The Oscar ceremony once provided a unifying moment of secular solemnity that helped bring the nation together. It didn’t matter if you were young or old, rich or poor, high school drop out or college grad, immigrant or native born, loony lefty or crazy conservative, it still felt enjoyable and important to tune in to Hollywood’s big show. Optimistically, Academy Award promoters still like to compare their glittering night to the Superbowl as the two yearly occasions that command truly national attention.

In truth, there’s no longer much comparison: the most recent Superbowl set ratings records with 97.5 million viewers. The most recent Oscar show (a year before the feeble and star-crossed offering scheduled for this Sunday night) captured only 39.9 million.

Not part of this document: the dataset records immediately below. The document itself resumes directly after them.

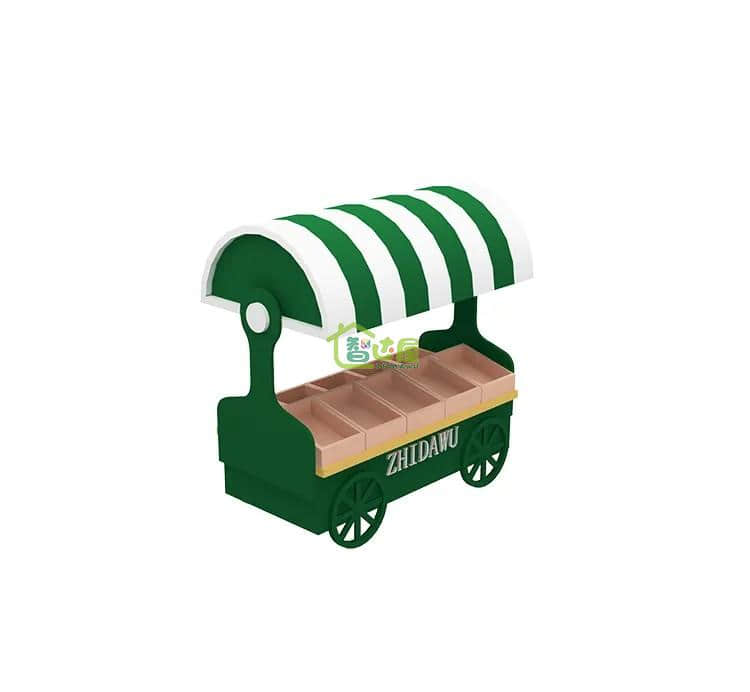 Zhidawu Amusement Equipment Indoor Playhouse Playground Pretend Play Wood Kids Role Play Room Mini Supermarket Set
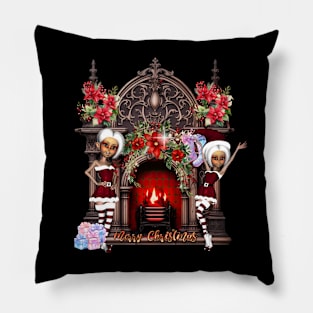 Elves are looking forward to Christmas. Pillow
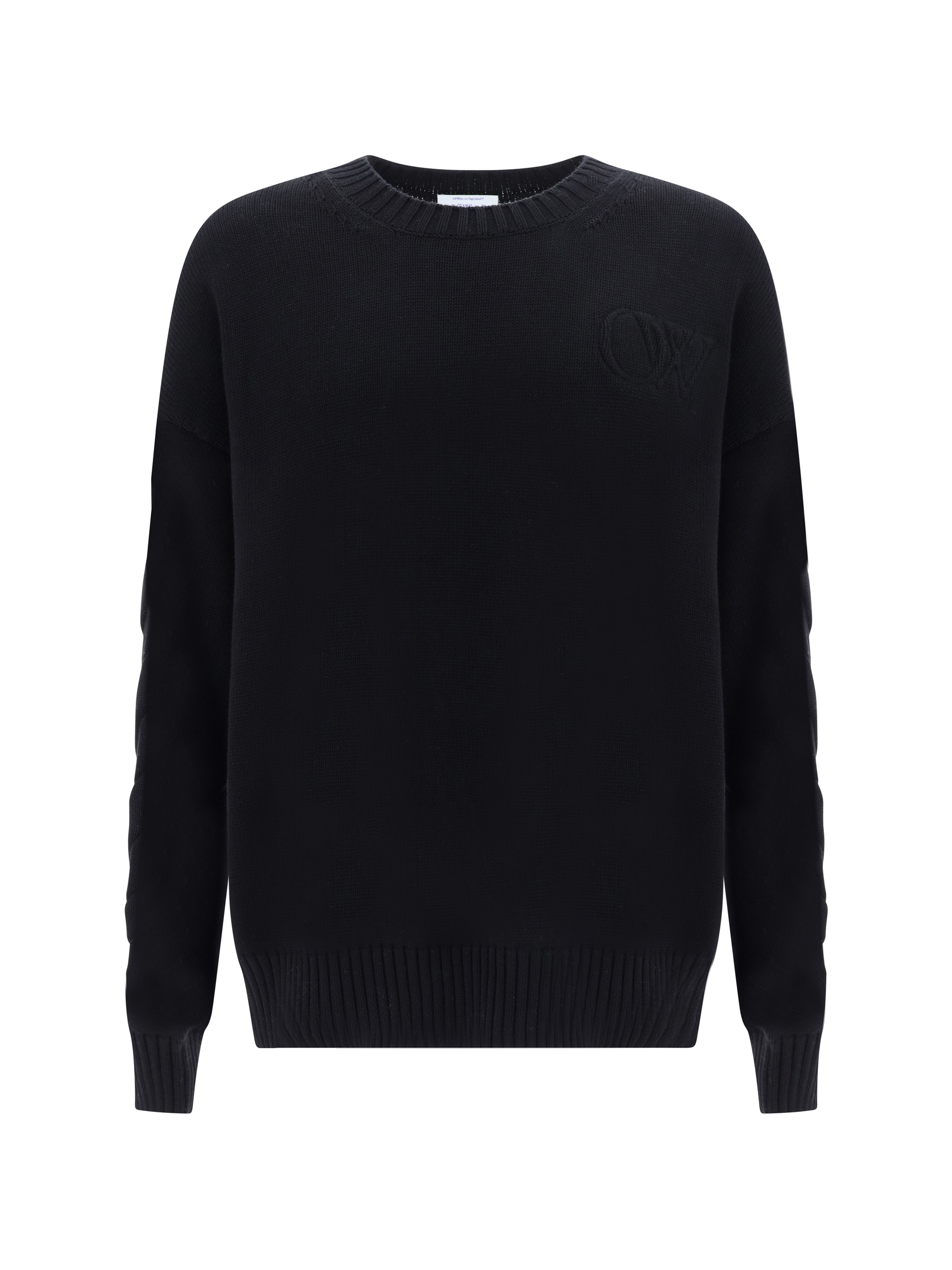Shop Off-white Sweater In Black Black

Looking forward to that event, it’s true that there’s no real reason to care whether the Academy voters give their top prize to a dark, violent, nihilistic movie like “No Country for Old Men,” or else choose to reward a dark, violent nihilistic movie like “There Will Be Blood.” Nor should we invest too much emotional energy or prayer in the possibility that a gentler, more life-affirming film like “Juno” could slip through in an upset.

It does matter, however, that a time-honored, slightly nostalgic and tradition-bound occasion that once helped to define our common culture as Americans now looks less relevant and less significant than ever before.